# City in Colorado Runs Antifa & BLM Out of Town



## RodneyFarva (Jan 18, 2007)

Oh I'm sorry, who's street? what were you saying?

"_Keep moving! Get outta here!_" came voices from the crowd of residents, as the out-of-town radical leftists were told they are not welcome in Berthoud and ejected from the community as soon as they arrived.





"_And pick up your trash!_"
Many people on social media are deeply impressed with the actions of the Berthoud residents, with some expressing the desire to live in a small, patriotic community.

"_Way to go_ _Colorado! It would be nice living in this kind of neighborhood!" _said Verlygene Haverof.
"_Those horses were so calm and in the zone. Unphased. My anxiety was rising just watching this but they were so relaxed. Impressive."_ said Becky White Stocker.

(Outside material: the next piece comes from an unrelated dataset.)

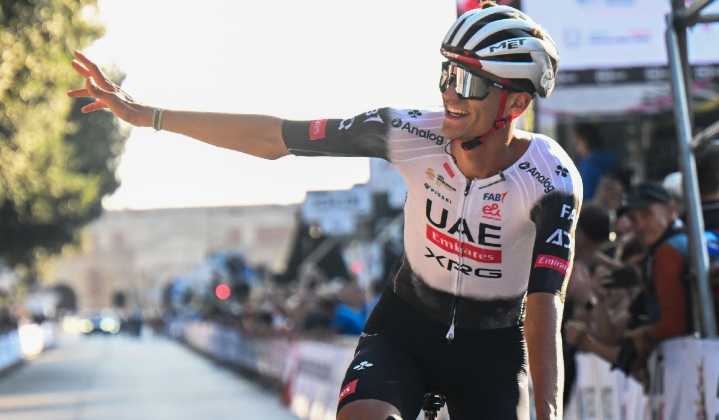 ¡Ciclista de elite! Isaac del Toro sorprendido por llegar al Top 3 Mundial en su segundo año como profesional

Erica Elsman Costello added "_We are prepared to stand with law enforcement and do the same for our community. This is what America winning looks like._"

Elaine Dinwiddie Moore was also impressed, saying "_Excellent! Now maybe all the other cities and towns will take notice!"_

"_The time has come for Americans to step up and stop this craziness! Good for them_," said Tonya Monks-D'Amico.

"_The time has come to play Cowboy's and commie's_," said Todd Halt.

Meanwhile, in large Democrat-run cities across America, radical leftists including Antifa and Black Lives Matter protesters are being coddled and encouraged by indulgent leftist mayors and city councils, as violent riots continue to spread like wildfire.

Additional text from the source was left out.